From starting to serving: 4.5 hours + marinating. Active time: 30 minutes.
How the chefs explain it:
Marinate shanks in yoghurt and madras, brown thoroughly. Soften aromats and fry dry spices. Simmer in tomato & stock, serve with rice and garnishes.
- Put the yoghurt, curry sauce and shanks in a large, sturdy, zip lock bag. Remove excess air, close the bag and massage thoroughly to coat the shanks then refrigerate overnight.
- The next day, remove the shanks from the bag, using the bag to wipe off as much of the marinade as you can.
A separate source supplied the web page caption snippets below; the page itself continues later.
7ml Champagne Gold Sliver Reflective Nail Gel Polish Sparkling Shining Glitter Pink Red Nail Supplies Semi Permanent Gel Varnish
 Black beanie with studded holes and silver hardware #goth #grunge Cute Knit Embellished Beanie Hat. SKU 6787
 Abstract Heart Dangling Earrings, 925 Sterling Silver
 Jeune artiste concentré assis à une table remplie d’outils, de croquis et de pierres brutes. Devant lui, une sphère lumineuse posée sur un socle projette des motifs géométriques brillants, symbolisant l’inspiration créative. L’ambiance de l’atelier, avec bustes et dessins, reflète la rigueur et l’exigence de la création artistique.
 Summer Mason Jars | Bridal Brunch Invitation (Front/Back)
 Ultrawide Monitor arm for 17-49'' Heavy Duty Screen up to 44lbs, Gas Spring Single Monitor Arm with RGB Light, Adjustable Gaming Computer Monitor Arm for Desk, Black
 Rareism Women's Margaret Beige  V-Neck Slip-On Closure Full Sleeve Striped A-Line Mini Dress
Reserve the marinade.
- Heat the oil over medium heat and brown the shanks on all sides.
- Remove the shanks, and in the same pan cook the onion until golden brown.
- Add the garlic, ginger and curry powder, and cook for a further three minutes.
- Add the tomatoes, chicken stock, cardamom, cinnamon and the reserved lamb marinade and stir to combine.
- Return the lamb to the pan, bring to a boil.
- Cover the pot and simmer for 3 hours.
- Remove the lid and simmer for another hour to reduce the gravy.
- When the lamb is very tender, leave to rest for 30 mins or leave to cool completely and reheat the next day for the best flavour.
- Serve with steamed rice, chopped mint and yoghurt.